Exercise: Transcribe the data that follows without changing a word, and omit the pictures.

Provided material:

■ ■ ■ ■ ■ ■ ■

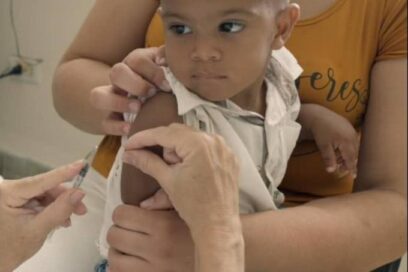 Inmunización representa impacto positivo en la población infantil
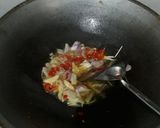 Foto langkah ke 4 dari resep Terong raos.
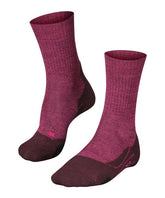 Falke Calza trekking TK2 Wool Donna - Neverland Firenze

■ ■ ■ ■ ■ ■ ■

Written response:
 Inmunización representa impacto positivo en la población infantil
 Foto langkah ke 4 dari resep Terong raos.
 Falke Calza trekking TK2 Wool Donna - Neverland Firenze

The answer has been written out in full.